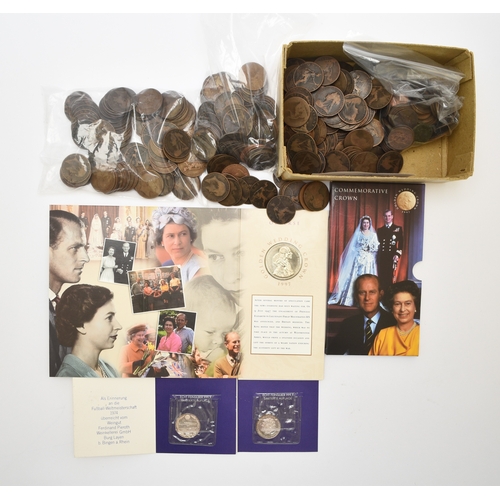 272 - An assorted collection of UK and Foreign Silver, Cupro-nickel, Copper and Bronze coinage, together w... 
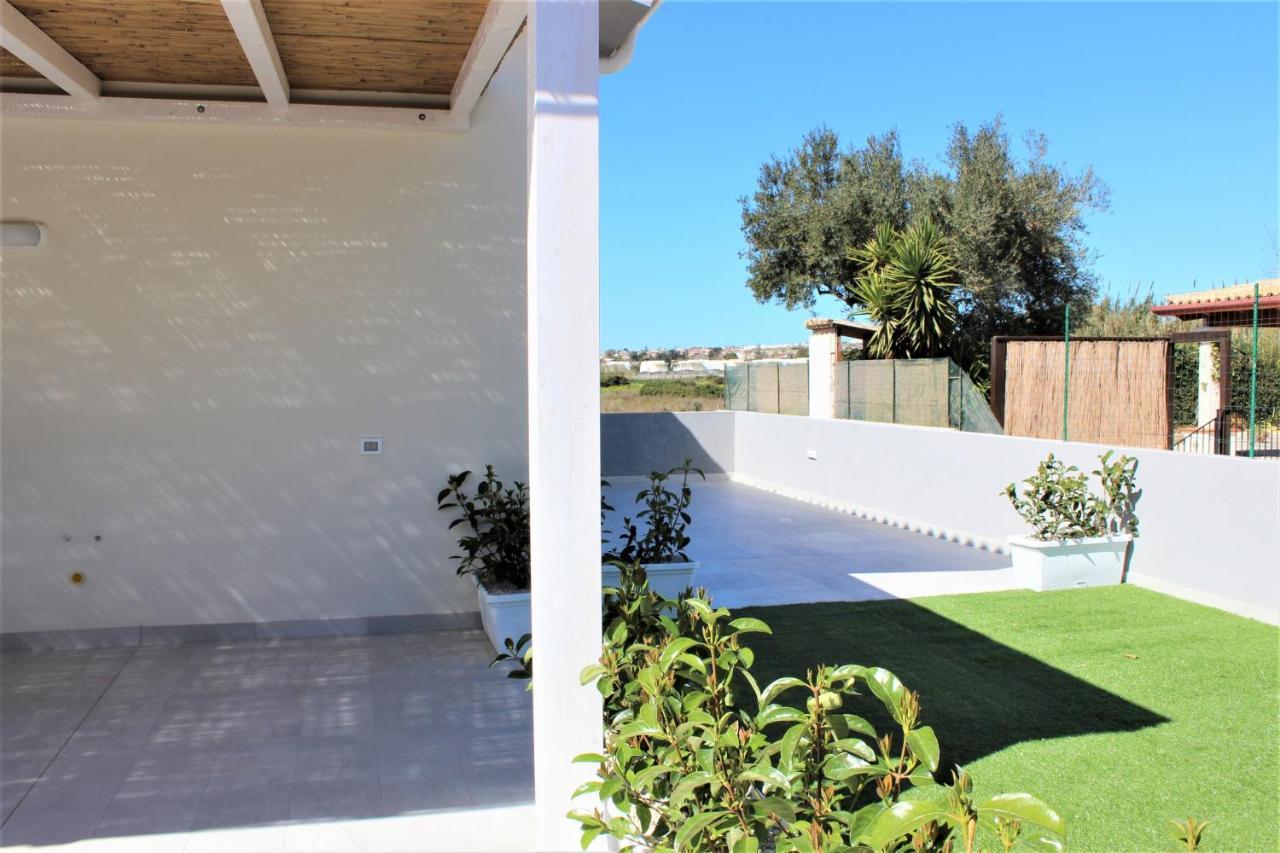 Casa Malaga Apartment มารีนาดีรากูซา ภายนอก รูปภาพ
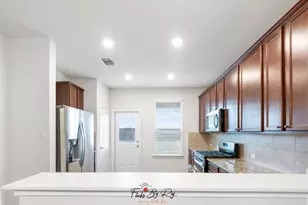 279 Zuma Dr, Liberty Hill, TX 78642 - Photo 9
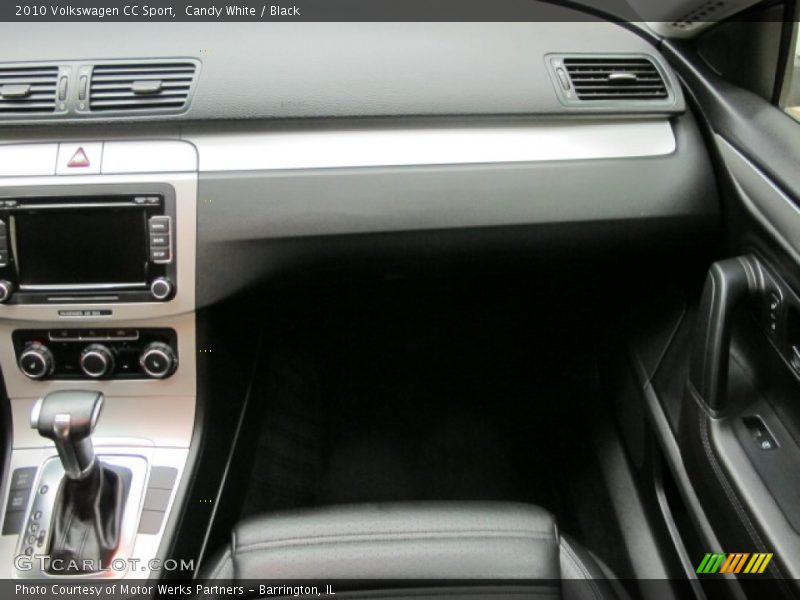 Candy White / Black 2010 Volkswagen CC Sport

* [How to complete this task]: Word for word, repeat the data above with the pictures left out.

* [Answer space]:
 272 - An assorted collection of UK and Foreign Silver, Cupro-nickel, Copper and Bronze coinage, together w... 
 Casa Malaga Apartment มารีนาดีรากูซา ภายนอก รูปภาพ
 279 Zuma Dr, Liberty Hill, TX 78642 - Photo 9
 Candy White / Black 2010 Volkswagen CC Sport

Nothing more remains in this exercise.